Olvidar y abandonar esta multiplicidad de arte y de belleza, como presencia de Dios, concebida como el lugar de la alianza entre Dios y el hombre, lugares llenos de luz y de paz, de pura autenticidad y armonía, como acontecimientos reveladores y paradigmas de lo escatológico, para aliarnos con un arte efímero, vacío, triste, desgarrado, sin belleza, sin fe, envuelto en sombras de muerte, sin horizontes de esperanza y a veces con visos o expresiones blasfemas o ateas, sería un pecado en similitud al de los soberbios ángeles que abandonaron a Dios. Volver al arte de belleza es no sólo nuestro deber, es volver a la tierra nueva y al cielo nuevo, donde todo es luz y presencia del edén celeste, donde Dios se nos revela mejor, se hace más visible, más Palabra, Verbo que se encarna en lo profundo de nuestro espíritu.
Una Iglesia sin arte espiritual y de belleza, no sería Iglesia. En un mundo donde lo espiritual se desprecia y se ha perdido la capacidad de ver la belleza, de contar con ella, relegando su fuerza atractiva para mirarse en ella, es un mundo que conduce a la nada, un mundo idolatrado de sí mismo, que sufre la influencia dominante del vacío, carente de sabiduría celeste. Cuando el conocer se aparta del contemplar la belleza, se está renunciando profundamente a la comunicación del Trascendente. Los falsos trascendentes son “abortos mecánicos”. Lo que supone que el ser humano se vacía de su contenido esencial, pierde su raíz celeste, su sentido sagrado, alejándose de Dios y cayendo en el ser desnaturalizado, rodeado de la nada y en el vacío de la muerte.
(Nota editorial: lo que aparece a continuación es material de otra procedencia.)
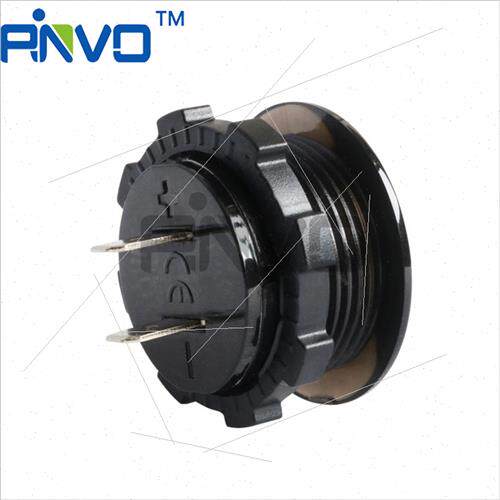 12-24V car battery DC glossy digal voltage display meter mod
Perder la belleza es como perder la espiritualidad del alma. La belleza cósmica exterior nos sirve de logro transfigurante. “La belleza salvará al mundo” (Dostoievski). Pero también los nihilistas como los ateos la necesitan, aunque sólo para idolatrarla. En el icono de Cristo, como en el de la Virgen y los Santos, se ha manifestado la belleza espiritual. El Evangelio de San Juan ve el milagro de la Encarnación como la revelación de la Belleza, porque tal belleza introduce a Dios en el alma para hacerla semejante a Su Belleza. “La naturaleza entera espera gimiendo que su belleza sea salvada a través del hombre hecho santo” (Ro. 8, 22).